Police Shooting Dataset Project Issues

  • In police shootings, what are the age cumulative distribution functions (or CDFs) for various racial groups?
  • Are there statistically significant differences between these distributions, and how do they compare?
  • Is it possible to measure the impact of age differences using Cohen’s d?
  • Are the ages of those who were escaping and those who were not significantly different?
  • Does the chance of being shot while escaping vary by race?
  • Which statistical tests—such as Monte Carlo methods or t-tests—confirm or disprove these trends?
  • Does the percentage of shootings involving unarmed people drop noticeably when body camera footage is used?
  • What ethnic differences exist in body camera use?
  • How do police shootings by state relate to the use of body cameras?
  • What proportion of people who were shot by police had weapons as opposed to none?
  • Does the victim’s race have a statistically significant impact on whether they were armed?
  • Does using a body camera change when a weapon is present?
  • Which cities or states have the greatest per capita rates of police shootings?
  • Are there trends of greater racial disparity in shootings in some states?
  • Can high-risk areas where police encounters lead to more fatalities be identified using clustering methods?

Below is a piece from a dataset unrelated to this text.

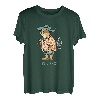 Angel-Katze, Onkel, Angeln, Mädchen, Angeln, Jungen, Angelliebhaber, niedlich, stilvoll, lustige Illustration, Geschenk T-Shirt
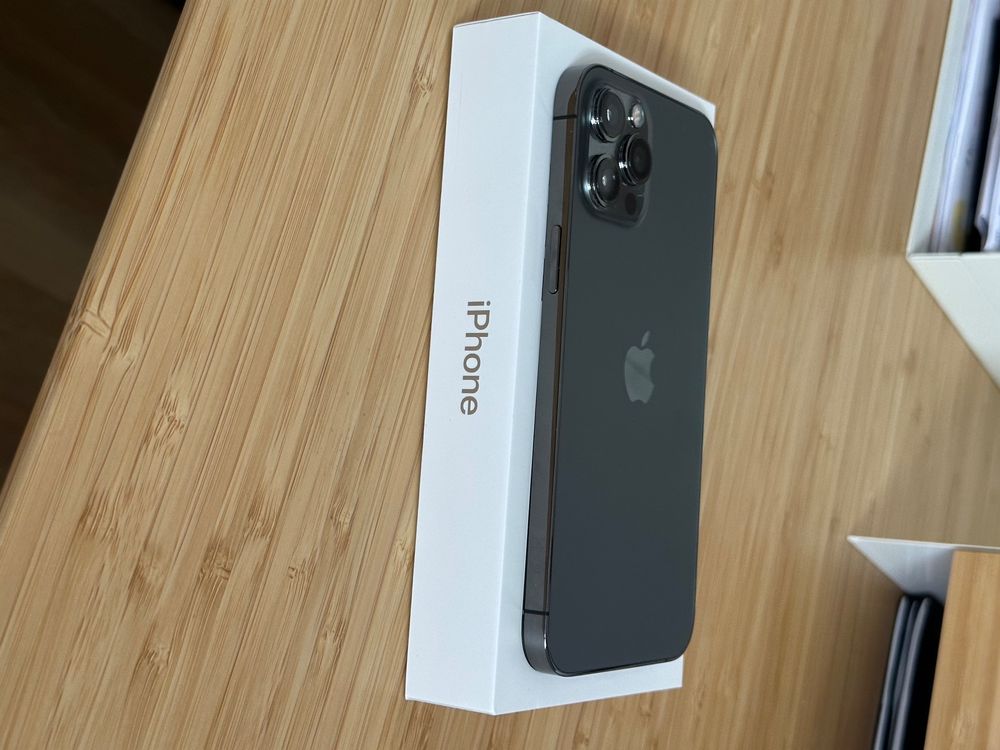 iPhone 12 Pro Max 128 gb space grey | Kaufen auf Ricardo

Washington Post – Police shootings data

Some important questions that I wanted to discuss to get a better understanding of the dataset are

  1. What is the age distribution of individuals involved in these incidents?
  2. Are there any notable patterns in urban vs. rural areas?
  3. Are there any patterns in weapon types across different demographic groups?
  4. Is there any correlation between race and the type of weapon involved?
  5. Is there any relationship between body camera usage and specific police departments? What percentage of incidents had body cameras present?

The dataset poses interesting issues on whether there are temporal patterns in the number of events over different seasons or months, whether certain jurisdictions exhibit greater rates of particular incident kinds, and the relationship between body camera usage and incident outcomes.